Exercise: Copy out exactly the lines from the one containing "1 x RAW Customer" to the last line of the records below, both included, and leave out any pictures.

[[ Dataset excerpts open ]]

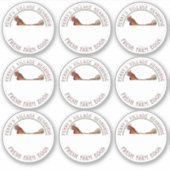 2" Aufkleber aus Ei aus Kunststoff mit Hen (Vorderseite)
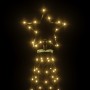 Albero di Natale con Puntale Bianco Caldo 200 LED 180 cm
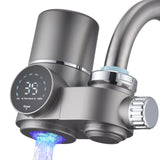 1 x RAW Customer Returns HOMELODY water filter faucet, water filter drinking water with LED display, removes chlorine, heavy metals and bad taste, faucet filter with blue light for kitchen including filter 1  - RRP €55.08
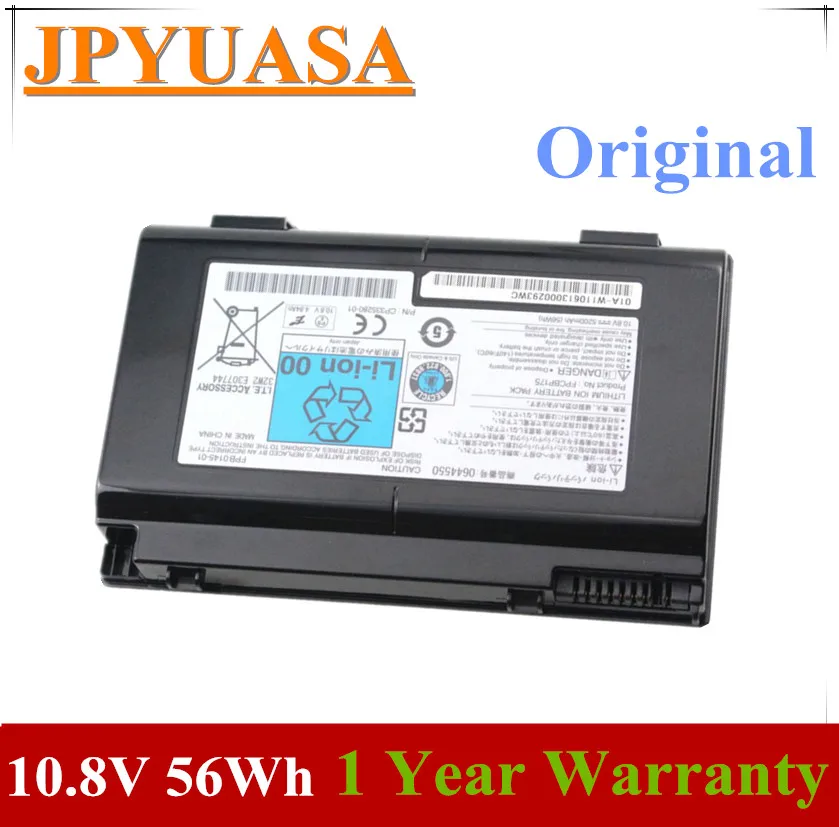7XINbox 10,8 V 56Wh FPCBP175 ноутбук аккумулятор для Fujitsu LifeBook E8410 E8420 N7010 A6210 A6220 A1220 AH550 NH570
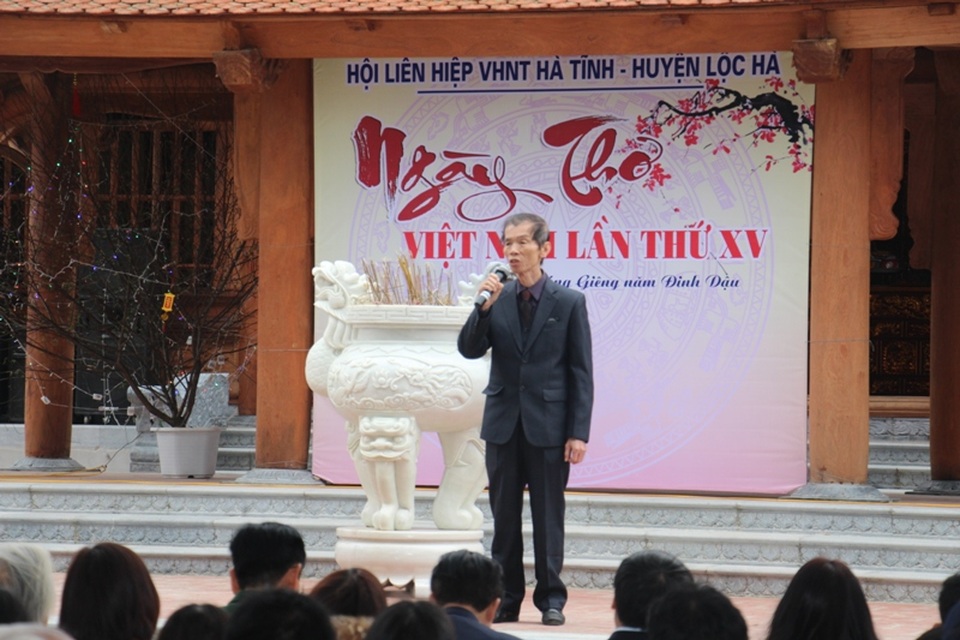 Sôi nổi Ngày thơ Việt Nam lần thứ 15 - 6 Nhà thơ Duy Thảo với tác phẩm Trước xuân này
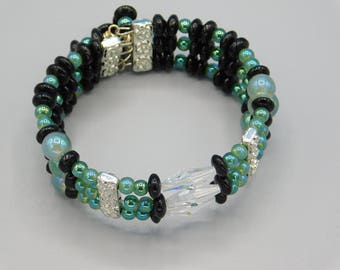 Three Strand Cuff Bracelet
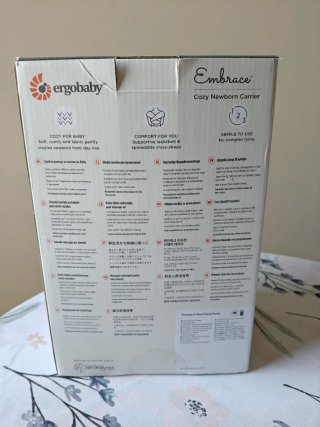 Mochila Portabebés Ergobaby Embrace Azul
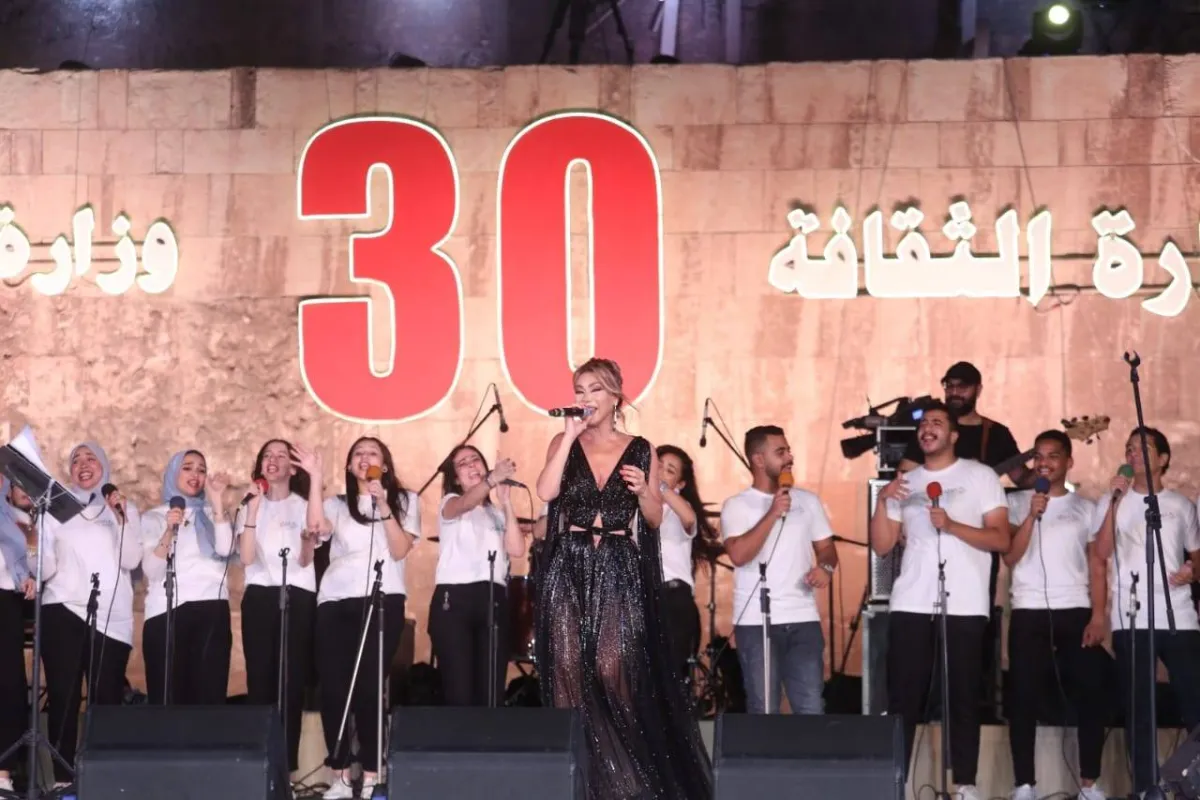 نوال الزغبي تشغل حفل القلعة - الصورة من حساب نوال على إنستغرام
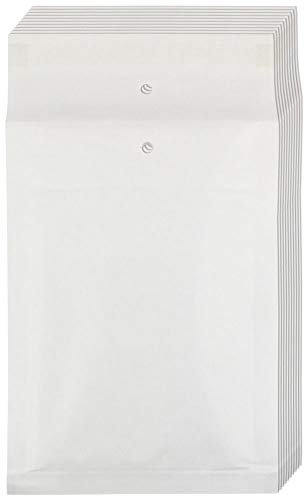 10 Stück Luftpolstertaschen, Luftpolsterumschläge - Größe: A/1, A1 - Farbe: Weiß - Innenmaß 110 x 165 mm - Außenmaß 130 x 175 mm - haftklebend - Versandtaschen, Luftpolsterversandtaschen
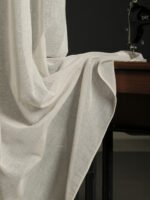 Keten Foldet Tül Perde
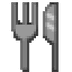 fork-and-knife Emoji au-by-kddi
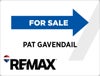 Picture of White Slash - For Sale - Directional - Pat Gavendail - 18" x 24"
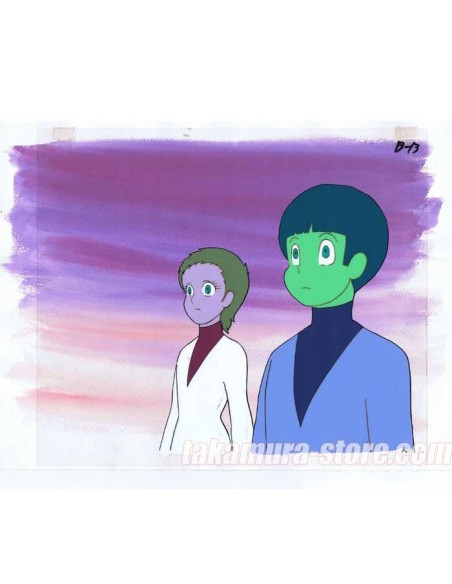 Maeterlinck's Blue Bird anime cel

[[ Dataset excerpts closed ]]

Solved exercise:
 1 x RAW Customer Returns HOMELODY water filter faucet, water filter drinking water with LED display, removes chlorine, heavy metals and bad taste, faucet filter with blue light for kitchen including filter 1  - RRP €55.08
7XINbox 10,8 V 56Wh FPCBP175 ноутбук аккумулятор для Fujitsu LifeBook E8410 E8420 N7010 A6210 A6220 A1220 AH550 NH570
 Sôi nổi Ngày thơ Việt Nam lần thứ 15 - 6 Nhà thơ Duy Thảo với tác phẩm Trước xuân này
 Three Strand Cuff Bracelet
 Mochila Portabebés Ergobaby Embrace Azul
 نوال الزغبي تشغل حفل القلعة - الصورة من حساب نوال على إنستغرام
 10 Stück Luftpolstertaschen, Luftpolsterumschläge - Größe: A/1, A1 - Farbe: Weiß - Innenmaß 110 x 165 mm - Außenmaß 130 x 175 mm - haftklebend - Versandtaschen, Luftpolsterversandtaschen
 Keten Foldet Tül Perde
 fork-and-knife Emoji au-by-kddi
 Picture of White Slash - For Sale - Directional - Pat Gavendail - 18" x 24"
 Maeterlinck's Blue Bird anime cel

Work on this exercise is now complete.